Exercise requirements
In the records below, how many lines hold the word "Neck"? Give only the number.

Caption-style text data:
● ● ●

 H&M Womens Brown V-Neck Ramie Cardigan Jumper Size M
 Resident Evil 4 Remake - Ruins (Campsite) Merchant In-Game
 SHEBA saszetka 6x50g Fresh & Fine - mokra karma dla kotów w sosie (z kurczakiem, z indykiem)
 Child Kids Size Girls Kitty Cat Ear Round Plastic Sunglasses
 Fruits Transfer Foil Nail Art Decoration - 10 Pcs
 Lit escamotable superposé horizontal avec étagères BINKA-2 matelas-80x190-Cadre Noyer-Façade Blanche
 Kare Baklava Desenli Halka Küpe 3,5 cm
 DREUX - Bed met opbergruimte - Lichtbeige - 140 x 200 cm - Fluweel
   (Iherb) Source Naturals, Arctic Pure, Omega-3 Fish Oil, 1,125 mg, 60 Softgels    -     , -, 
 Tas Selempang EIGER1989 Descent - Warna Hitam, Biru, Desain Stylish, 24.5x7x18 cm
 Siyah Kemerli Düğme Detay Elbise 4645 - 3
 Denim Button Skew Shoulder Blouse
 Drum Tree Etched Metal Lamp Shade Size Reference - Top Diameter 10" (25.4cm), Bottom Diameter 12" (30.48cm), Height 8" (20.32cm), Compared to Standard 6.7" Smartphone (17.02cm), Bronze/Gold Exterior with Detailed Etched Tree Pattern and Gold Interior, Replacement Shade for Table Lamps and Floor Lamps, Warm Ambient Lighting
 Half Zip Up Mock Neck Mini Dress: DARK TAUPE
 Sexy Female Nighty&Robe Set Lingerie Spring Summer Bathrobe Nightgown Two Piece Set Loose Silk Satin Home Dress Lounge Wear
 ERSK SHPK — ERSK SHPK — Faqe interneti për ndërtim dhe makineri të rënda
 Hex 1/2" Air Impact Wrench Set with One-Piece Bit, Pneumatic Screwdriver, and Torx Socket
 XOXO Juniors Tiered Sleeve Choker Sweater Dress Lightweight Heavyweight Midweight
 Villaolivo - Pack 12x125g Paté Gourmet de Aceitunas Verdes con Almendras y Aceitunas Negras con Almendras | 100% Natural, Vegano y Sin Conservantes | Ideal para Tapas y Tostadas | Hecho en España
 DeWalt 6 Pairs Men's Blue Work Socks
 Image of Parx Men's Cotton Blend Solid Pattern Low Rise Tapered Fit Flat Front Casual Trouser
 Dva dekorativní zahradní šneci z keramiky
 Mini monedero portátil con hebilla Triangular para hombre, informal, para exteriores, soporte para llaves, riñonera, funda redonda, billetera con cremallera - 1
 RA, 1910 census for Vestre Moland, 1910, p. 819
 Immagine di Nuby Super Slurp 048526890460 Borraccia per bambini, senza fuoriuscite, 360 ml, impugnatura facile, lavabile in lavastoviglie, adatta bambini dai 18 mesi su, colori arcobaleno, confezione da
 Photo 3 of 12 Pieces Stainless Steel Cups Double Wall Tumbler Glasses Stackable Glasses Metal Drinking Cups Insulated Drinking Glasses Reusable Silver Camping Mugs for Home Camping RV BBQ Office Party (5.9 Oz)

● ● ●

Solution to the exercise
2